George: Heat is the primary enemy in the world of supercomputing. Modern CPUs and GPUs will run as fast as you can cool them, thus better cooling means better performance. To Darren’s point, we’ll see CPUs and GPUs in 2025 that run so hot they cannot be cooled properly with air alone.
So, it’s important to understand that HPC is not only changing the way we think about networks, but the way we design entire data centers. Not only do we have to properly cool the systems, but power must be upgraded as well. New PDUs, UPS systems, generators, even the racks, in some cases, must be changed.
The good news is that liquid cooling solutions are so much better that the cost savings in electricity typically pays for the upgrade. This will be the single biggest factor driving liquid cooling adoption and, thus, sustainability.
I live a little over an hour south of the fastest growing city in North America, and that’s Columbus, Ohio. Billions are being poured into the infrastructure there. Part of this funding is from the CHIPS Act and the new Intel facility being built nearby. As a result, enormous data centers are being built throughout the region.
One of the colo facilities being built is 130 acres, and they plan to offer up to 130 kilowatts of power per rack. We only have one nuclear power plant in Ohio, and it is 900 megawatts. This new facility will consume a third of that reactor by itself. The electric industry is struggling to manufacture transformers fast enough to keep up with construction projects like this.
We do not have enough electricity in the entire world to simultaneously turn on every CPU and GPU we have already made. And yet, we are manufacturing CPUs and GPUs as fast as we can, and they are far more power hungry than previous generations.
Describe some successes you’ve had designing and implementing networking environments to support AI workloads. What lessons have you learned?
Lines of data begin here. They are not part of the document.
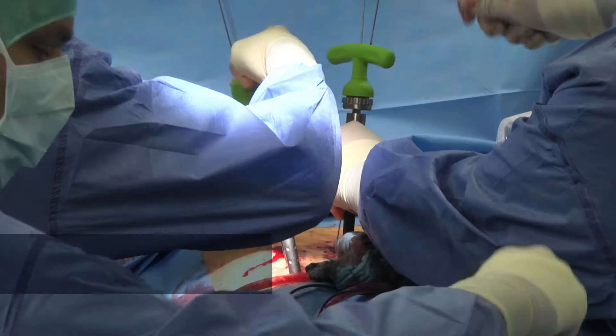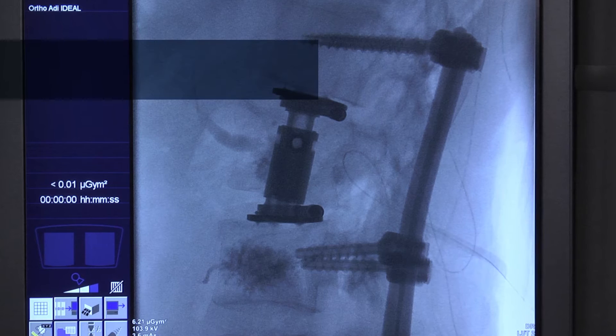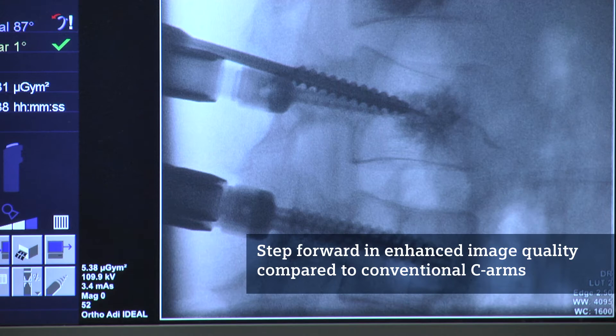We have been using the Seuss Fusion for a while and did a number of cases with it. I'm always impressed about the image quality of that C-Arm — this is absolutely new and tremendous. We hadn't that image quality before in our theatres. We can see the bony structure very precisely and also the implant positioning, and especially the interface between bone and implant is absolutely sharp and very nice to detect.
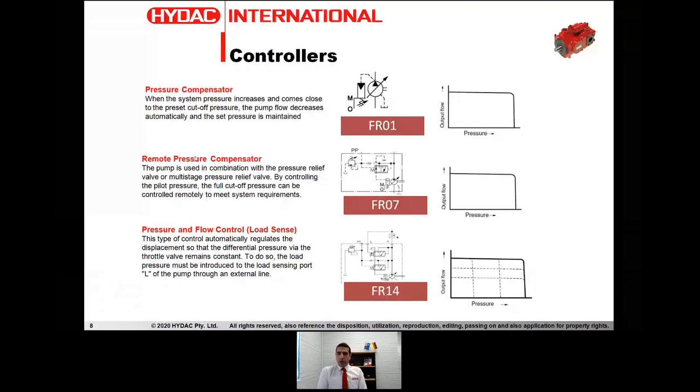The next one is the remote pressure compensator controller. This works very similarly to the pressure compensator, with the difference being that we can remotely control that setting. In the standard pressure compensator pump, the setting is just a mechanical setting on the pump, whereas here, in addition to the mechanical setting — which is the maximum setting — we can regulate and control that pressure remotely by a pressure relief valve or some other pressure regulating device. A pressure compensator setting in the PPV100S arrangement is identified by the code FR01, and a remote pressure compensator controller is identified by the code FR07.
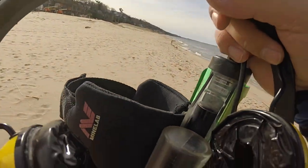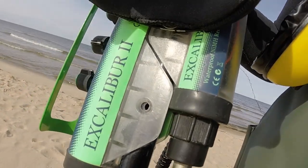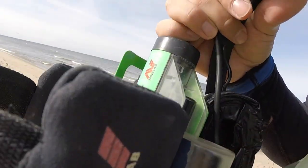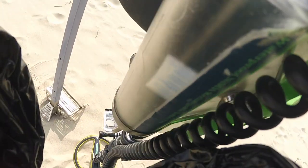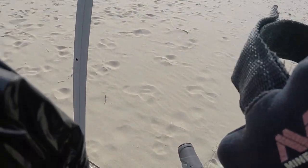Alright guys, I've been having some issues with my Minelab Excalibur. If anybody can tell me what's wrong, I would appreciate it. I'm going to turn it on here, and hopefully we can pick up this audio. It just sounds weird.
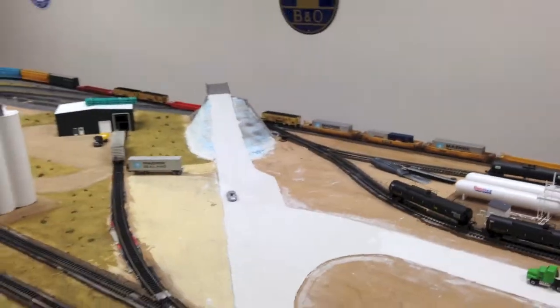We'll go take a quick look at the overpass, because we painted that. We've got to do some weathering and add some graffiti to it, but I think it looks pretty good.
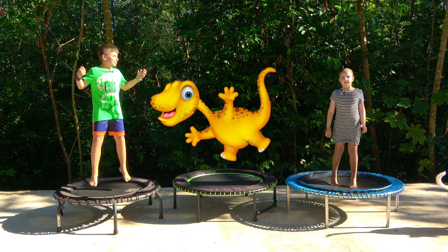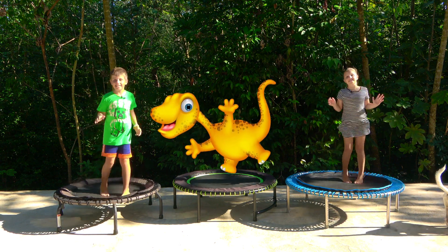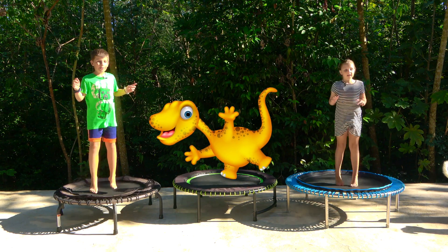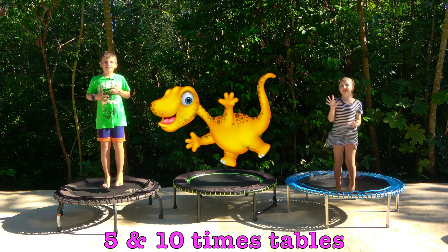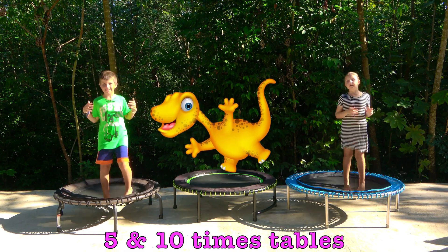Hello and welcome to Sam Farm Fitness Kids! Today is a workout where we will be doing our 5 times tables and our 10 times tables — come and join us! Yes!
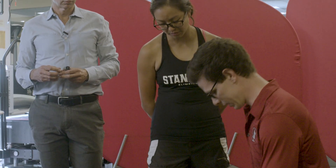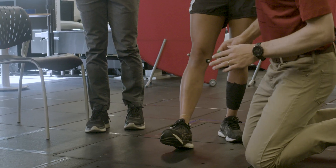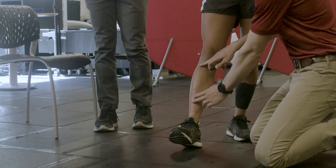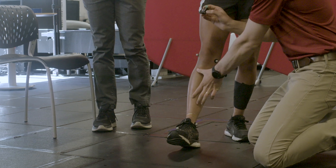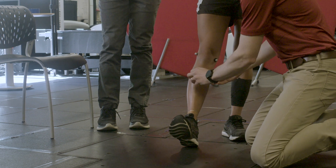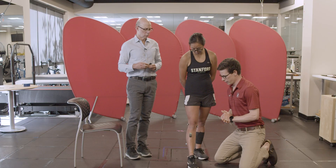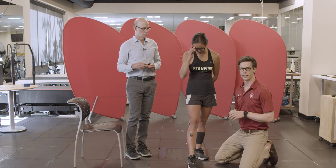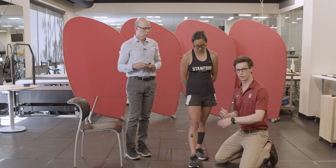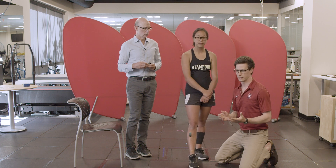We'll put on the tibialis anterior electrode. As we place these, we palpate the muscle and we know the origin and insertion points, so we know generally where the muscle's running. We find the tibialis anterior and put the electrode parallel to the muscle fibers so that we're measuring the voltage differential along the muscle fiber. What's important to note is that even in the same day, if we remove and replace the electrode in the same spot while she's doing the exact same muscle activation, we get slightly different values.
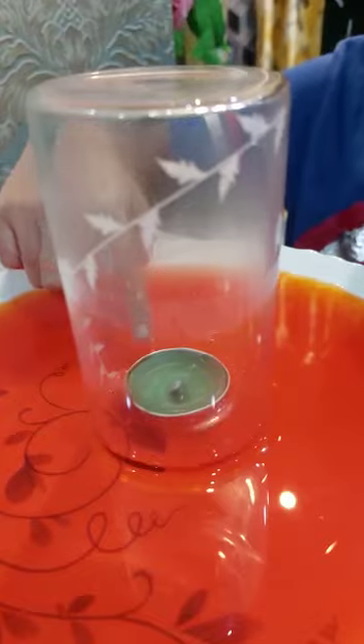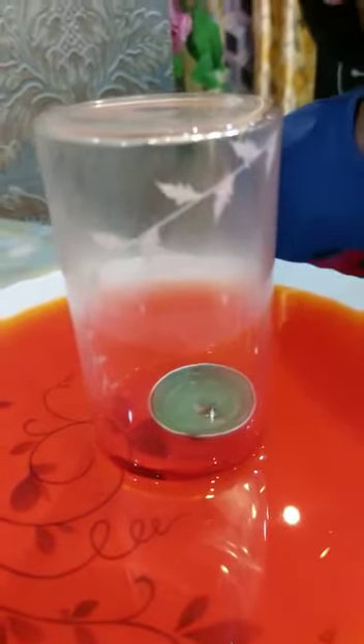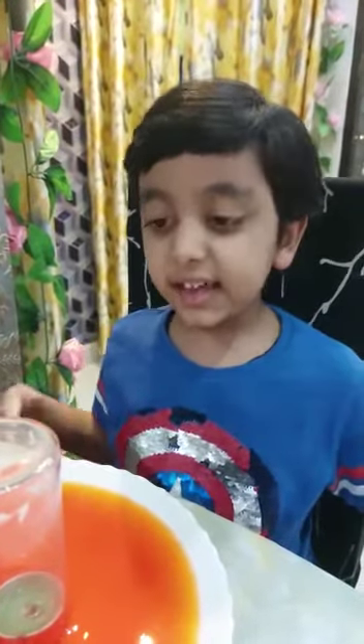See, the water rises. This is because inside the glass, the air pressure first increased and then suddenly decreased.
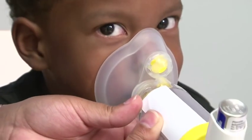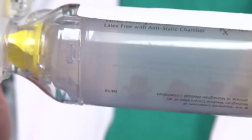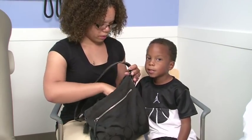Metered dose inhalers, which are also commonly called puffers or inhalers, spray the medicine out so that you can breathe it deep into the lungs. Inhalers deliver medicine very quickly. Inhalers are compact and light, so they can be easily taken with you wherever you go.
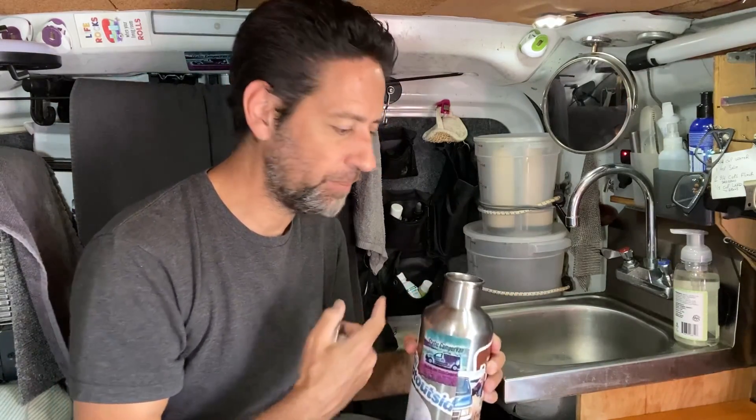Today is the day. I need to do a little maintenance on my Berkey water filter. I'm just emptying it out a little bit, getting the clean water out of the bottom, because I need to take the whole thing apart.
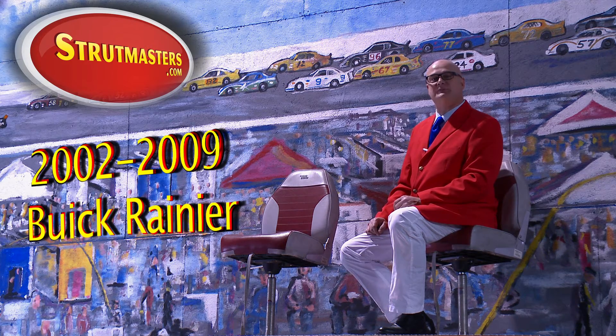General Motors designed the GMT 360 vehicle platform in 2002. It was best known as the Chevy Trailblazer and GMC Envoy, but the vehicle went by several other names: the Buick Rainier, the Olds Bravada, the Isuzu Ascender, and the Saab 97X.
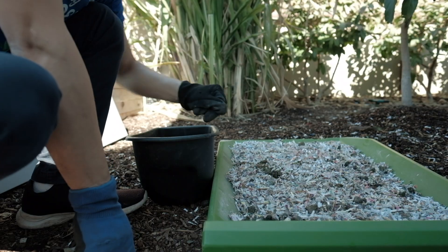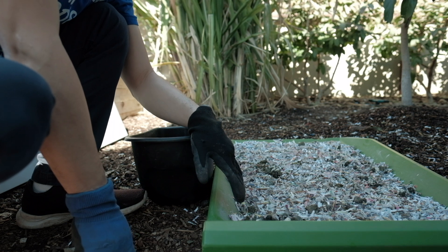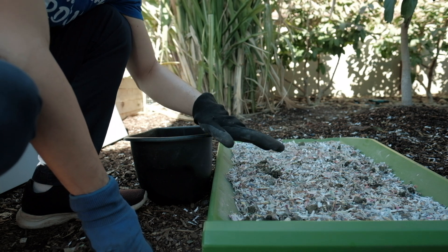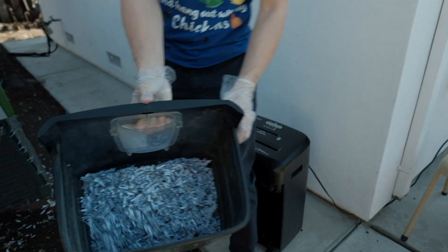We actually try to clean every day or so because, as you can see, it's actually not that deep. You don't want the chicken poop piling up too much because chicken poop is not good for the chickens' respiratory systems. So in here I have a bedding of shredded paper.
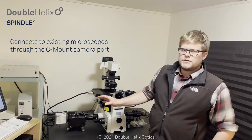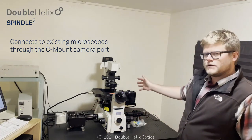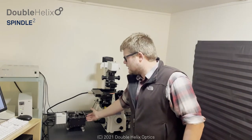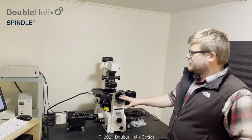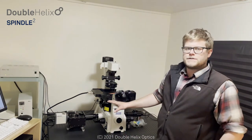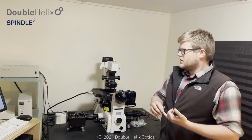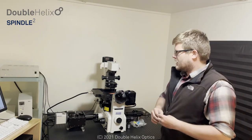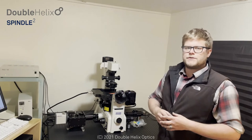Before we get started, I just wanted to show you the setup that we have for today. We have a standard inverted microscope platform, our Spindle Squared system, and a scientific CMOS camera. We'll be using this to walk through a few demos: multi-color imaging, multi-color engineered point spread function technology, and a couple of splitter and combiner type imaging modalities.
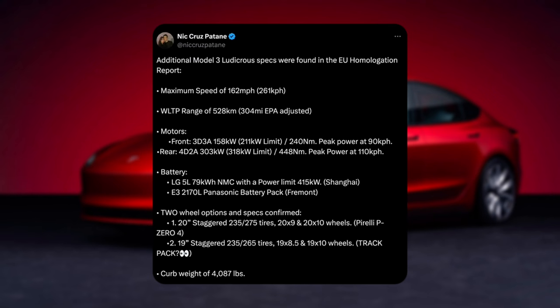Is that 415 kilowatts the charge speed? I don't think so. Either way, 79 kilowatt-hours — that's about the same size as a Model Y currently, with a Panasonic battery pack from Fremont.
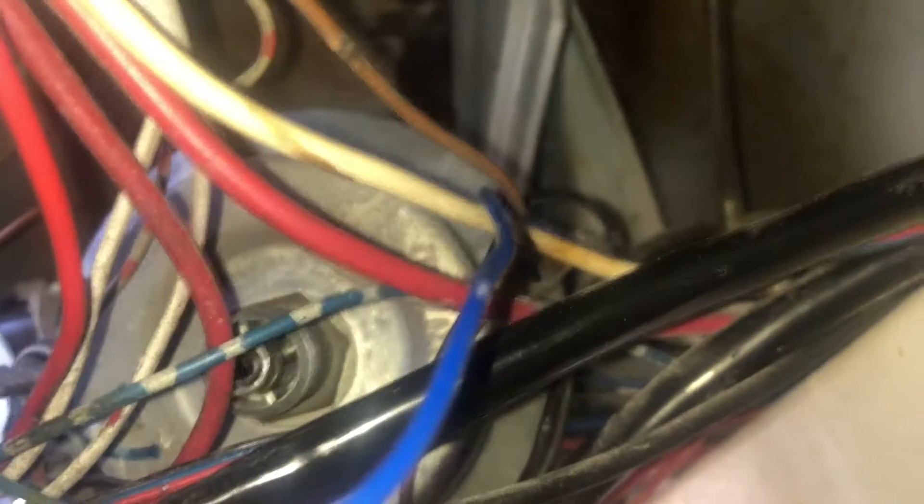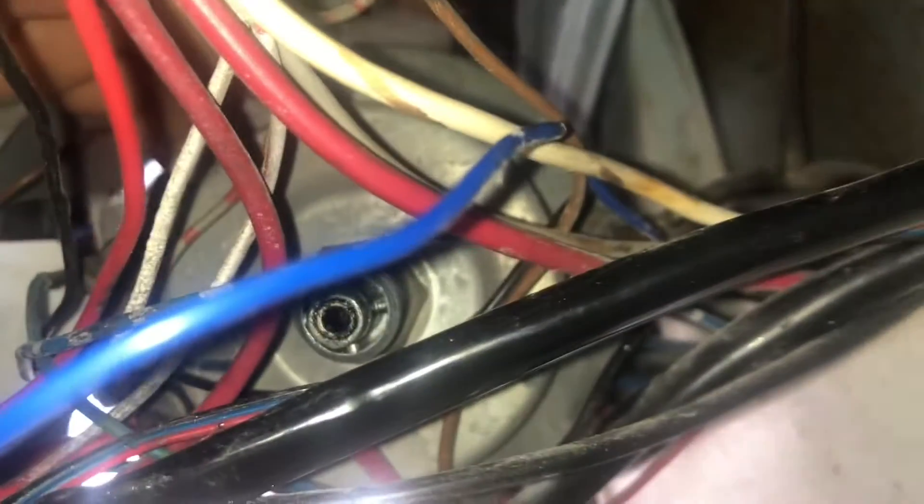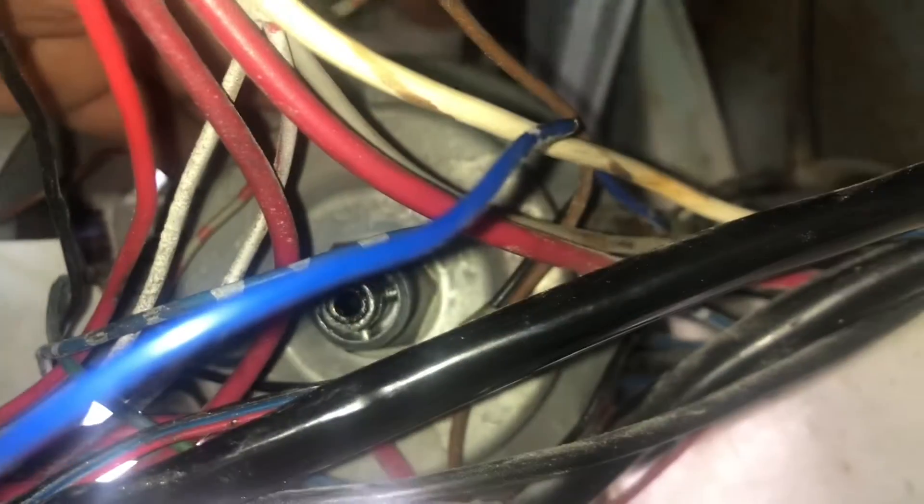I'm just trying to look at the wires before I remove this speedo. It's not really clear — you can't really see anything. I don't want to be unplugging all those wires, so I'm probably going to just write it all down.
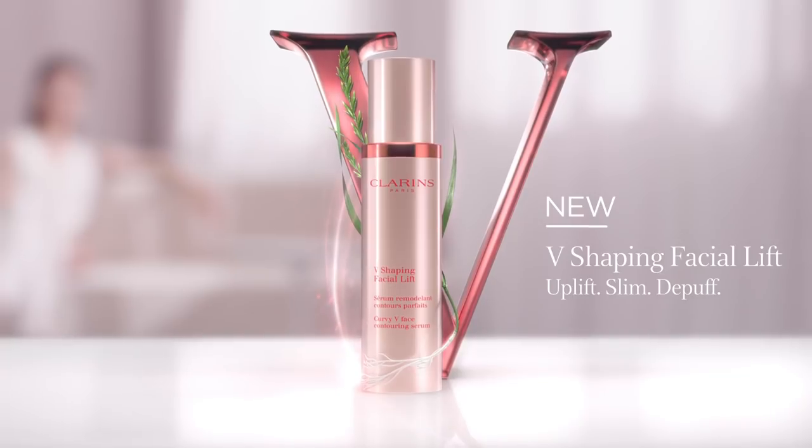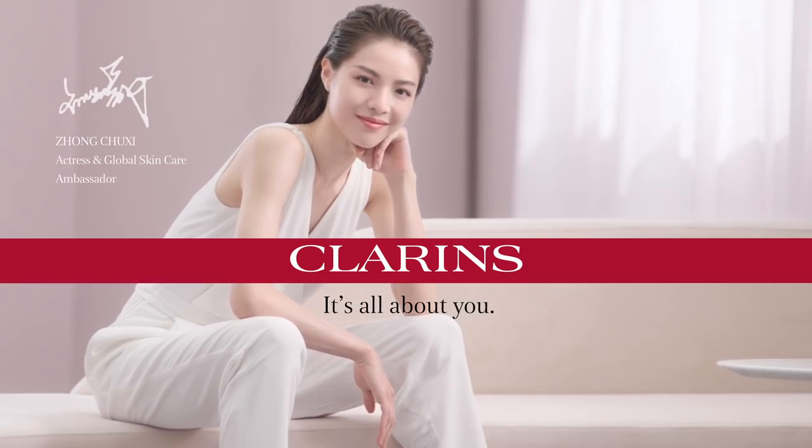New V-Shaping Facial Lift. Clarins. It's all about you.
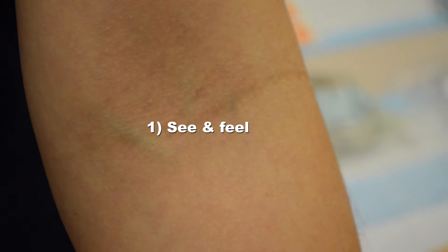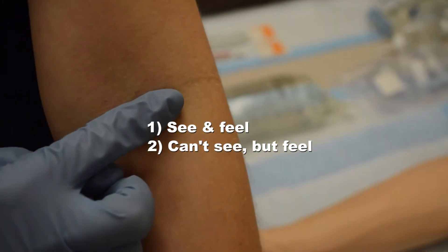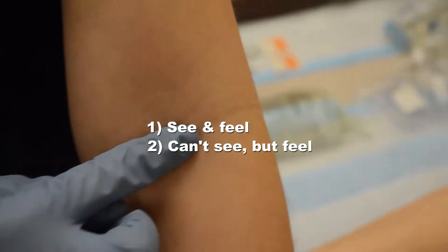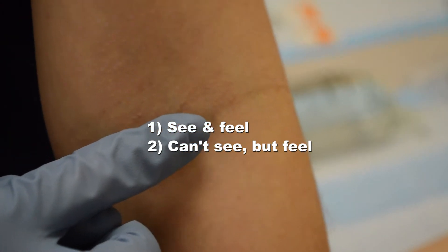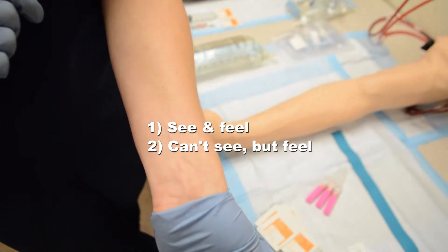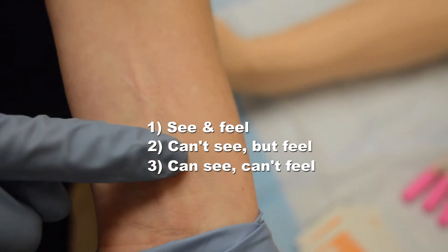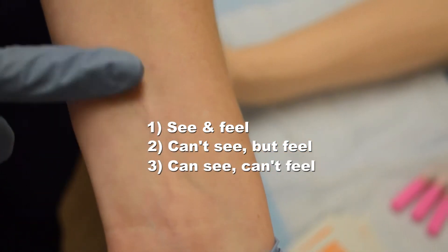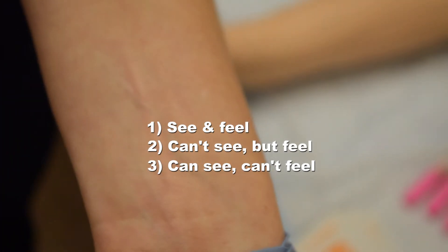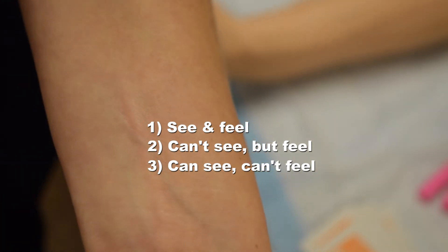Our second choice would be one that we can't see but we can feel. When you start moving across the arm, you start to feel a squish — you can feel that circumference and that bounce back, that squish of the vein. The third type, and our last choice, is one that we can see but not feel. Those tend to be wrist veins or anything in the forearm — kind of a last-ditch effort — and they tend to require a smaller catheter size, such as a 22 or even a 24.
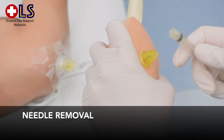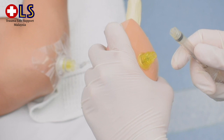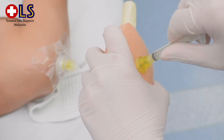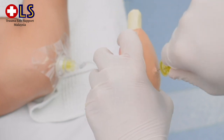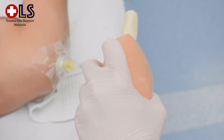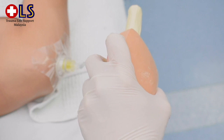The catheter can be used within 24 to 48 hours from the time of insertion. To remove the catheter, remove any extension set and dressing, and attach a luer-lock syringe to the hub. Use the syringe as a handle and twist the catheter clockwise while maintaining alignment while pulling it straight up. Avoid rocking or bending during removal, as this can cause needle breakage.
Darren: We’ve had dozens and dozens of wins in the networking space: we’ve sold it, designed it, implemented it, upgraded it, grew it, and in many verticals, including military, government, academia, and healthcare. From small to large, from the networking all the way up to InfiniBand.
George: I agree with you, Darren. I see demand from customers in all industries, though healthcare is one of the biggest consumers to date. Everything from new drug discovery, genomics, and imaging, to solving cancer. The solutions vary slightly, but extremely fast networking is common to all of them. Understanding how to design, implement, validate, and grow these high-speed fabrics has been paramount to our success.
Darren: We’ve been talking lots about the compute piece of it. Storage is so huge and important to any AI conversation.
George: Hugely important.
Darren: Without data, there is no AI, there’s no training of models. The data, that’s storage, you know, the networking for storage. I mean our clients’ data is everywhere. It’s not just in one place. It’s everywhere. That networking, that transport of data, is so important from processing it, to feeding it, to outputting it.
George: Another important takeaway is a phrase that has been said throughout my career: Content is king. And that has not been any more true than it is with AI, because the more content you have – the more data you have – the better you can make your model.